The \lstinline|fibonacci()| function gets a bit more complicated now. The MTAPI runtime has to be initialized first by (optionally) initializing node attributes and then calling \lstinline|mtapi_initialize()|:
%
\\\inputlisting{../examples/mtapi/mtapi_c_initialize-snippet.h}
%
Then, the action function needs to be associated to a job. By calling \lstinline|mtapi_action_create()|, the action function is registered with the job \lstinline|FIBONACCI_JOB|. The job handle of this job is stored in the global variable \lstinline|mtapi_job_hndl_t fibonacciJob| so that it can be accessed by the action function later on:
%
\\\inputlisting{../examples/mtapi/mtapi_c_register_action-snippet.h}
%
Now that the action is registered with a job, the root task can be started with \lstinline|mtapi_task_start()|:
%
\\\inputlisting{../examples/mtapi/mtapi_c_start_task-snippet.h}
%
%The started task has to be waited for before the result can be returned.
After everything is done, the action is deleted (\lstinline|mtapi_action_delete()|) and the runtime is shut down (\lstinline|mtapi_finalize()|):
%
\\\inputlisting{../examples/mtapi/mtapi_c_finalize-snippet.h}
%

\section{C++ Interface}
\label{sec:mtapi_cpp_interface}

\embb provides C++ wrappers for the MTAPI C interface. Using the example from the previous section, the signature of the action function for the C++ interface looks like this:
%
\\\inputlisting{../examples/mtapi/mtapi_cpp_action_signature-snippet.h}
%
First, the node instance needs to be obtained. If the node is not initialized yet, this function will do it.
%
\\\inputlisting{../examples/mtapi/mtapi_cpp_get_node-snippet.h}
%
Checking the arguments and the result buffer is not necessary, since everything is safely typed. However, the terminating condition of the recursion still needs to be checked:
%
\\\inputlisting{../examples/mtapi/mtapi_terminating_condition-snippet.h}
%
After that, the first part of the computation is launched as an MTAPI task using \lstinline|embb::mtapi::Node::Spawn()| (registering an action function with a job is done automatically):
%
\\\inputlisting{../examples/mtapi/mtapi_cpp_calc_task-snippet.h}
%
The second part can be executed directly:
%
\\\inputlisting{../examples/mtapi/mtapi_cpp_calc_direct-snippet.h}
%
Then, completion of the MTAPI task has to be waited for using \lstinline|embb::mtapi::Task::Wait()|:
%
\\\inputlisting{../examples/mtapi/mtapi_cpp_wait_task-snippet.h}
%
Finally, the two parts can be added and written into the result buffer:
%
\\\inputlisting{../examples/mtapi/mtapi_write_back-snippet.h}
% 

The \lstinline|fibonacci()| function also gets simpler compared to the C version.

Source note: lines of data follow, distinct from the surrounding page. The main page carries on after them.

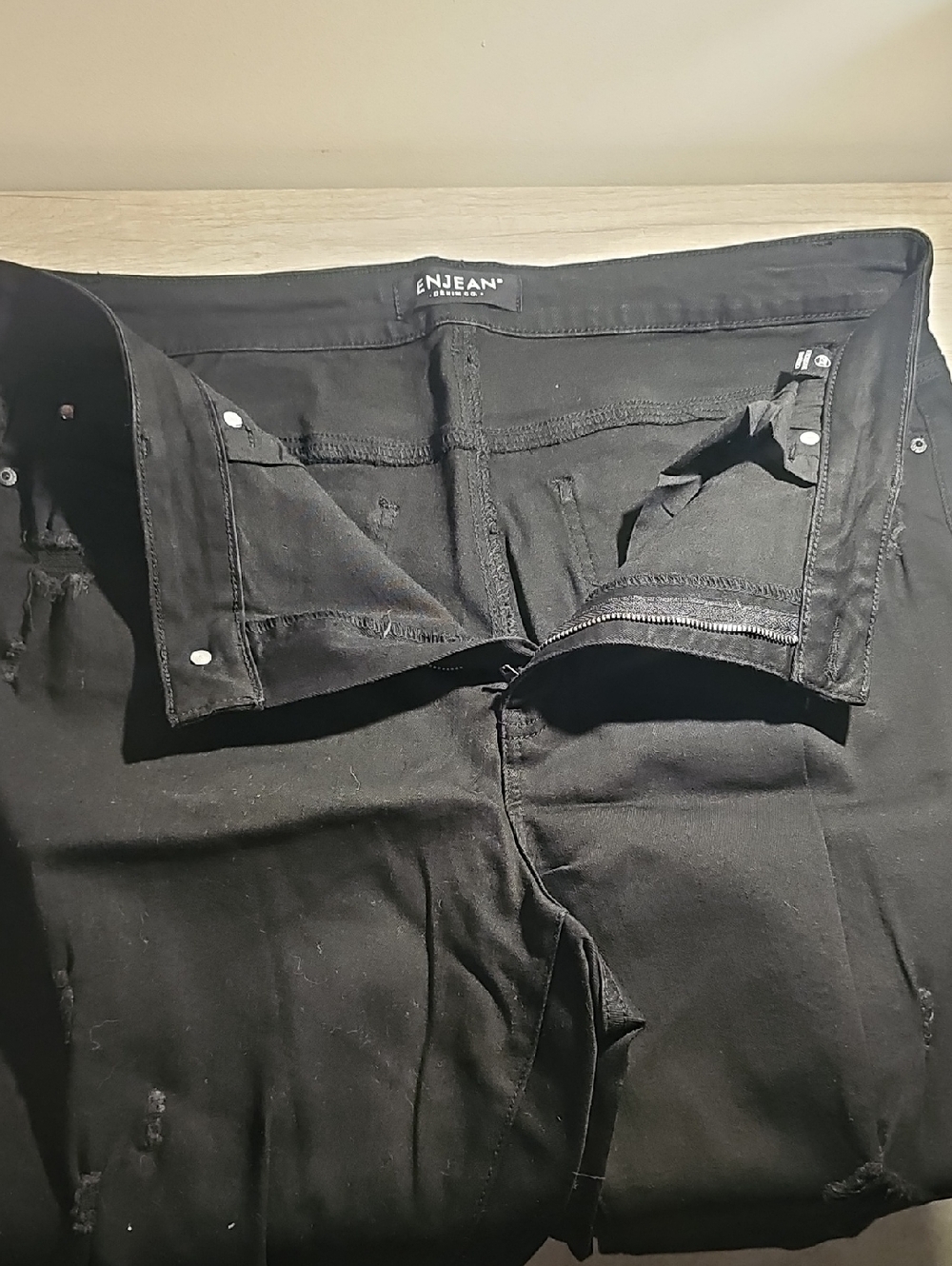 ENJEAN denim Co Black Drestressed Jeans 2x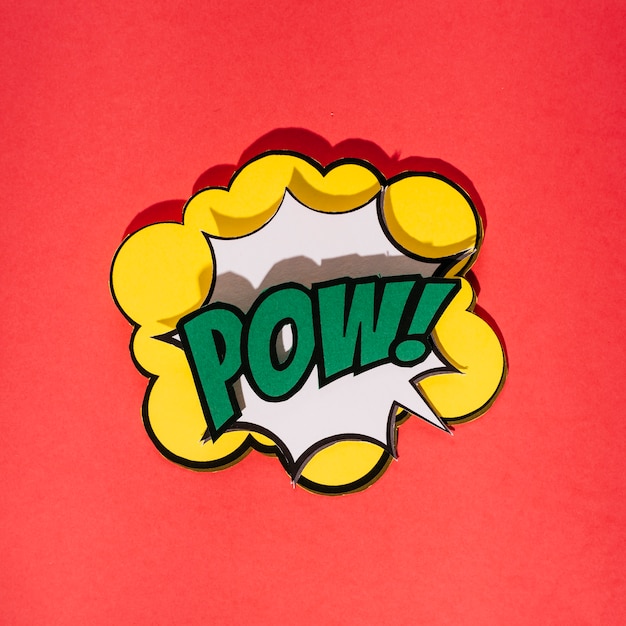¡Pow! bocadillo de diálogo cómico sobre fondo rojo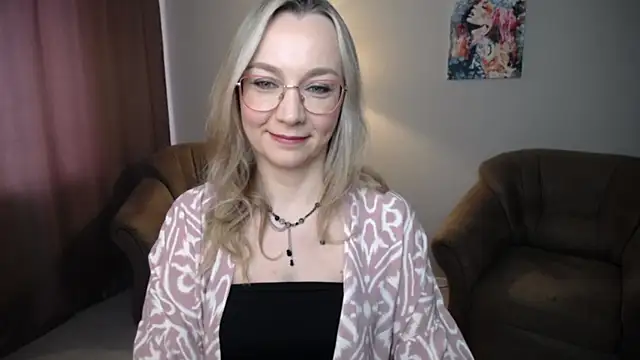 Ava Elior online show from 05/08/26, 10:53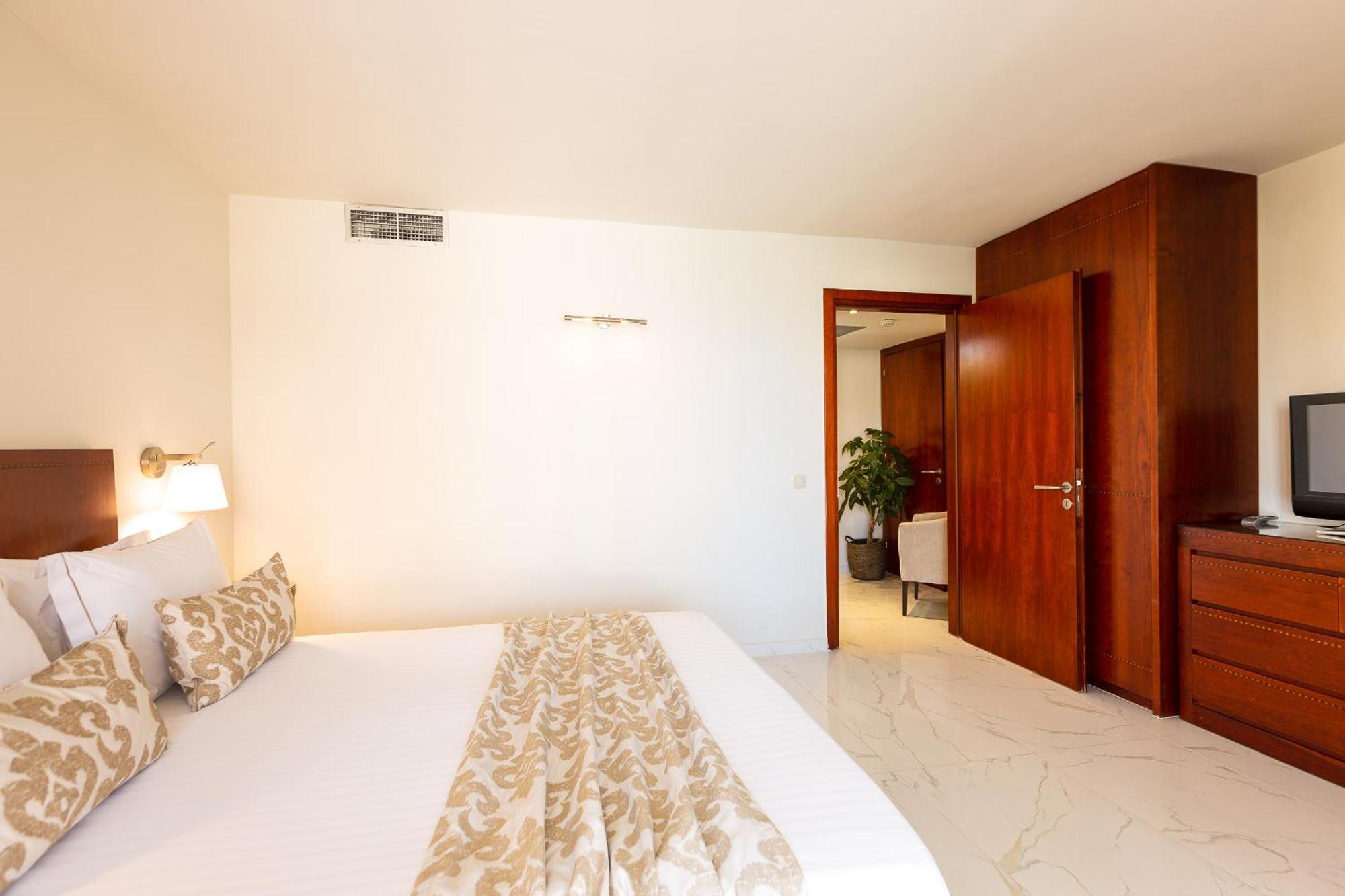 Theartemis Palace Rethymno  ภายนอก รูปภาพ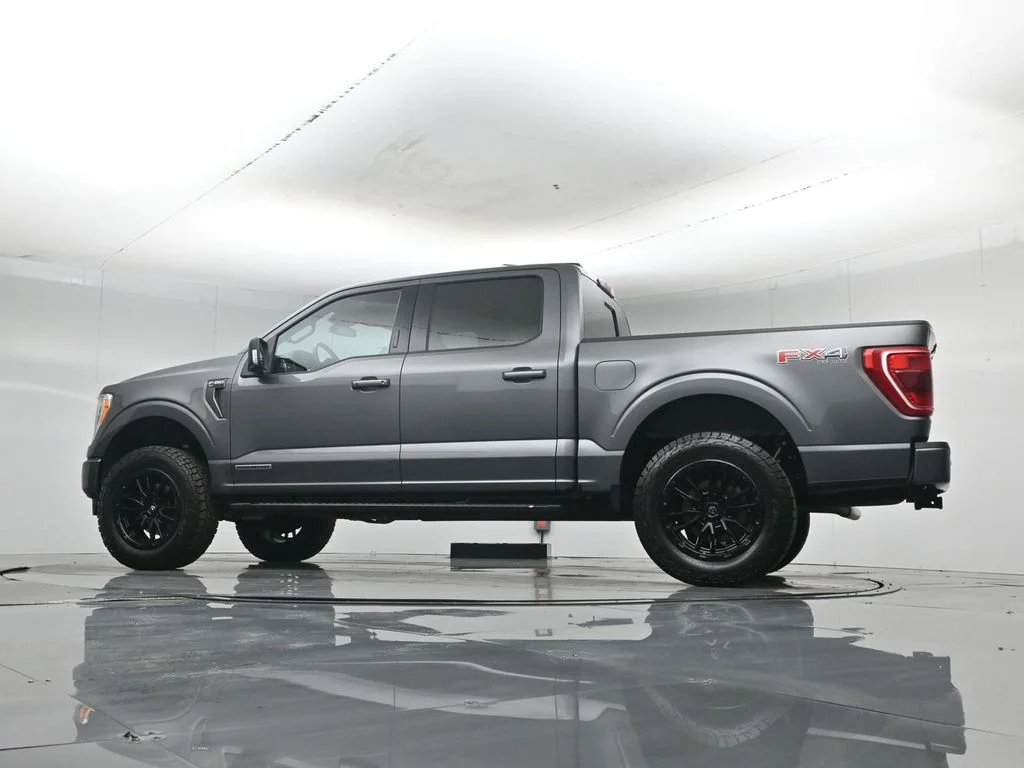 Used 2023 Gray Ford XLT image 55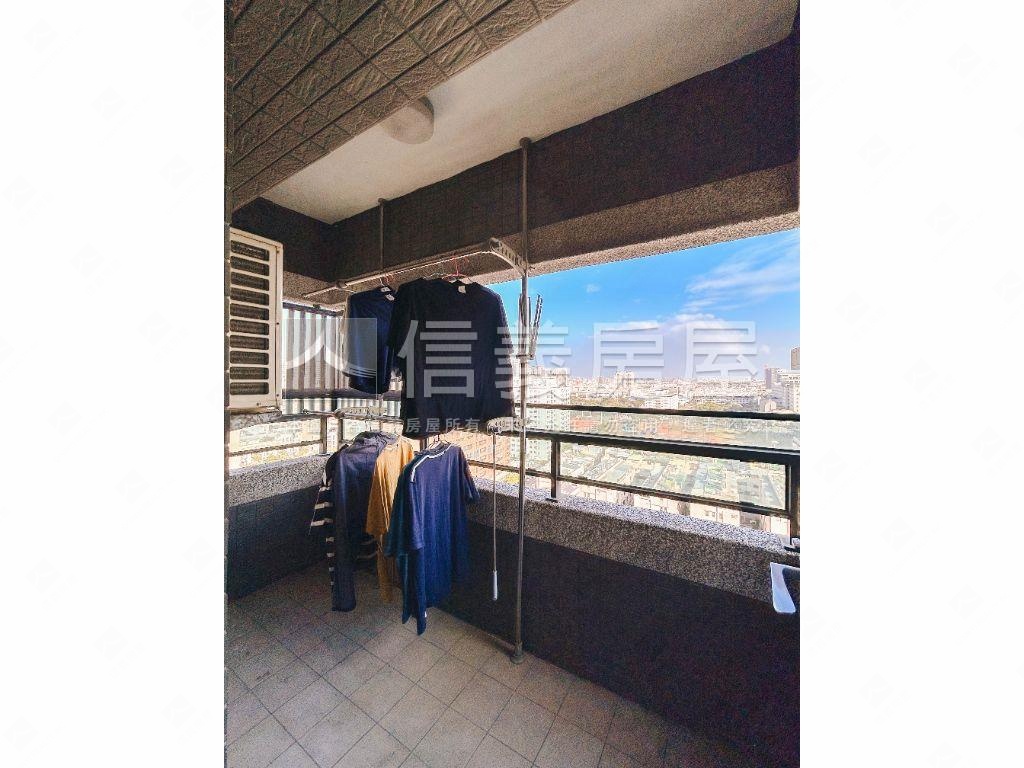 寓見海高樓景觀平車位房屋室內格局與周邊環境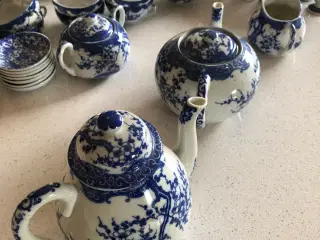Testel kinesisk i porcelæn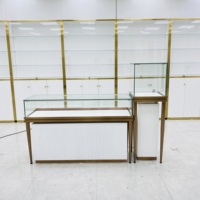 Système de Présentation de Bijoux de Luxe à Cadre Doré, Vitrine Blanche Plissée avec Éclairage LED, Verre Anti-Reflet, Conception Modulaire pour Centre Commercial de Bijouterie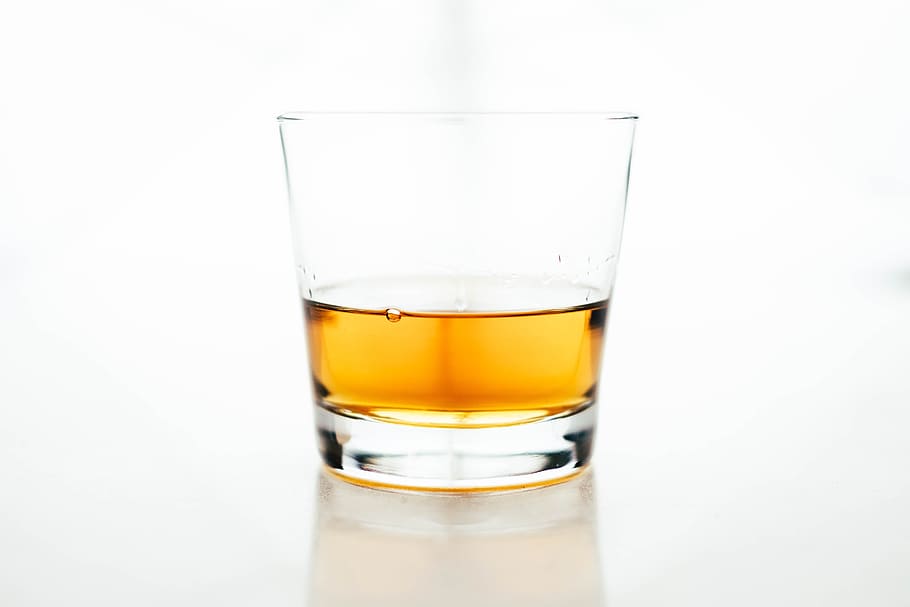 scotch besar, alkohol, minuman, koktail, gelas, minuman keras, scotch, wiski, gelas minum, peralatan rumah tangga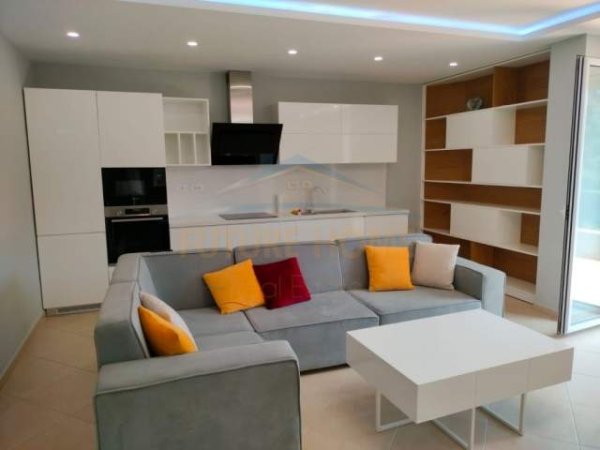 Tirane, jepet me qera apartament Kati 8, 118 m² 750 Euro (Kopshti Zoologjik)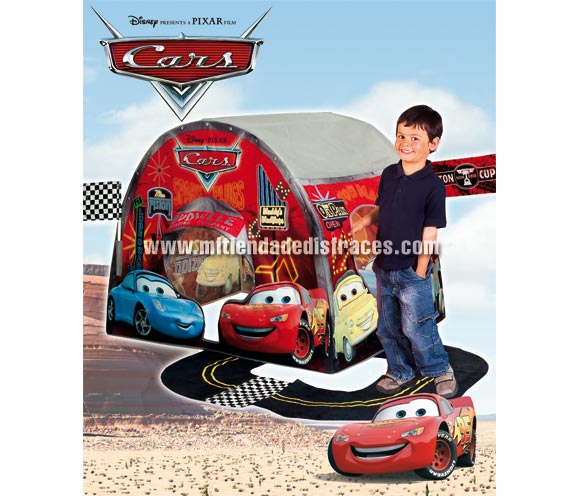 Casita Pixar Cars con pista. Medidas 90x100x90. Artículo con licencia Disney ideal para pedir a los Reyes Magos o Papa Noel, o para regalar en cualquier fecha del año. Casita de tela para jugar dentro o fuera de casa, en el jardín.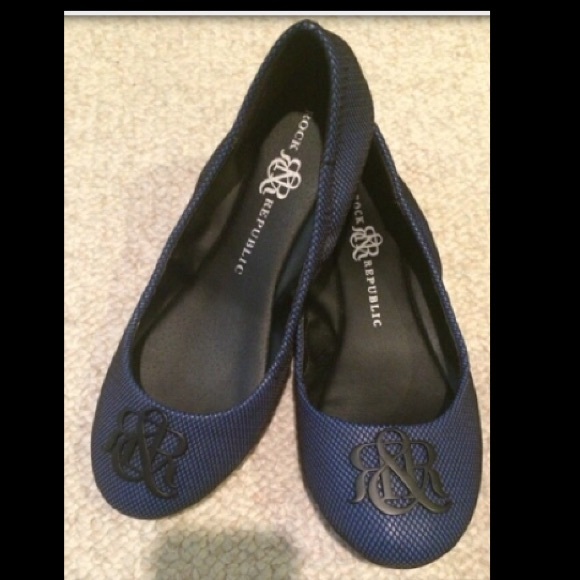 Rock Republic flats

The MTAPI runtime is initialized automatically, only the node instance has to be fetched:
%
\\\inputlisting{../examples/mtapi/mtapi_cpp_get_node-snippet.h}
%
The root task can be started using \lstinline|embb::mtapi::Node::Spawn()| directly, registering with a job is done automatically:
%
\\\inputlisting{../examples/mtapi/mtapi_cpp_start_task-snippet.h}
%
Again, the started task has to be waited for (using \lstinline|embb::mtapi::Task::Wait()|) before the result can be returned. The runtime is shut down automatically in an \lstinline|atexit()| handler.